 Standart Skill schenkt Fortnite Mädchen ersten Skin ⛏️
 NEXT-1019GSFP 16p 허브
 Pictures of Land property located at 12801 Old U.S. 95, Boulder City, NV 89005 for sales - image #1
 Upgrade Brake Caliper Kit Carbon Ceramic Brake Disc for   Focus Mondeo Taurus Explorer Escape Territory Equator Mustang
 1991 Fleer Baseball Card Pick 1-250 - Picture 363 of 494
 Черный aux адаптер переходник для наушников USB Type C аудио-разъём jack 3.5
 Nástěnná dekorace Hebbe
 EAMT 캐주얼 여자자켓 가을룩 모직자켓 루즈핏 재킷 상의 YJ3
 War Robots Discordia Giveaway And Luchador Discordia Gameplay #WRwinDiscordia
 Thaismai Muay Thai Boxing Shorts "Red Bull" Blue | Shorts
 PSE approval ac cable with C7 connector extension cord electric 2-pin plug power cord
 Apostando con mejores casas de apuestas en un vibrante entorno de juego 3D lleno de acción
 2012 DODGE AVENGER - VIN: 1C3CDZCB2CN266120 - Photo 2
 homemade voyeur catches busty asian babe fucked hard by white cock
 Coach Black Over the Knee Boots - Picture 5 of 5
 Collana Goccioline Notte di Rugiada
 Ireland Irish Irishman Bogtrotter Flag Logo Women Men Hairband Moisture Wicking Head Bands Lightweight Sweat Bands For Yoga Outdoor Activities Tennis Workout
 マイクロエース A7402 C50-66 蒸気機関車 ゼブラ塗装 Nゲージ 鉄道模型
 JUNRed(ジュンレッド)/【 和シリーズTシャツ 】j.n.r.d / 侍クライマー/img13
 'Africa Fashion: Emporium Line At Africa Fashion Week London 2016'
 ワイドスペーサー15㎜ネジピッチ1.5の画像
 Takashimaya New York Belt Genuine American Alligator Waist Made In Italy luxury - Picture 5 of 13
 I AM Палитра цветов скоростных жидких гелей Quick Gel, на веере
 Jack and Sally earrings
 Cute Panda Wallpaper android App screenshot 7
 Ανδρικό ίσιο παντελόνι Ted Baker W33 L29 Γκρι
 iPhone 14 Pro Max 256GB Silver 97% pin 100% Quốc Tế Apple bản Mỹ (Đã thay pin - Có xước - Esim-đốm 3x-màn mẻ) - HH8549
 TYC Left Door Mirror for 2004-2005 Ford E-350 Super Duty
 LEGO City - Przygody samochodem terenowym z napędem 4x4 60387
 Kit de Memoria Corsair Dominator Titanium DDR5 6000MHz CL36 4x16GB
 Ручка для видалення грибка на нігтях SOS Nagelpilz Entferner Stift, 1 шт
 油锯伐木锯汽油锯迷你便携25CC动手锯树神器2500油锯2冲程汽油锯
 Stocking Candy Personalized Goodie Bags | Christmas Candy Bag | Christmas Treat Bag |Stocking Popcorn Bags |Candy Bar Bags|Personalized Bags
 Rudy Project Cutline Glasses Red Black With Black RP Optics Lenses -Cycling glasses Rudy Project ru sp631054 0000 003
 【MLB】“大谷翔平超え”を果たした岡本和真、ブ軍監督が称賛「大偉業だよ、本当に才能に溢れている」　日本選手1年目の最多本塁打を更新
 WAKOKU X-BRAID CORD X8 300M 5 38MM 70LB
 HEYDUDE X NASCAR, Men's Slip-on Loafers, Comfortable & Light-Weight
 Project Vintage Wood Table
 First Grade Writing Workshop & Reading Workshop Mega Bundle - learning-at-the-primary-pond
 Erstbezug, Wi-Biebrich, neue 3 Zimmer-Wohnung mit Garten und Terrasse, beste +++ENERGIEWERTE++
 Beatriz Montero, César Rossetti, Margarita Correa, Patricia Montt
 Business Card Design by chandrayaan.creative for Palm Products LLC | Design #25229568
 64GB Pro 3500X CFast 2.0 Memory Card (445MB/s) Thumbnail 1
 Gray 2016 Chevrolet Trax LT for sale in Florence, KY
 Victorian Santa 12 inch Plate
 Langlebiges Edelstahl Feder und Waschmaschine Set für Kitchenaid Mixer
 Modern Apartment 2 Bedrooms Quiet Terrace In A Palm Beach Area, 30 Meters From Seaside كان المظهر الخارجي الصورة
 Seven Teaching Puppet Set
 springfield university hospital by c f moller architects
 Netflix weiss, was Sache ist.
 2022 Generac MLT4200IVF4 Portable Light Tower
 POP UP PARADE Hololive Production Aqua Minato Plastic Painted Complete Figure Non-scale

--------------------

Would you output the lines from the one that contains "Modern Apartment 2" to the end of the data, both ends included, exactly as they appear?

**RESPONSE BOX:**
 Modern Apartment 2 Bedrooms Quiet Terrace In A Palm Beach Area, 30 Meters From Seaside كان المظهر الخارجي الصورة
 Seven Teaching Puppet Set
 springfield university hospital by c f moller architects
 Netflix weiss, was Sache ist.
 2022 Generac MLT4200IVF4 Portable Light Tower
 POP UP PARADE Hololive Production Aqua Minato Plastic Painted Complete Figure Non-scale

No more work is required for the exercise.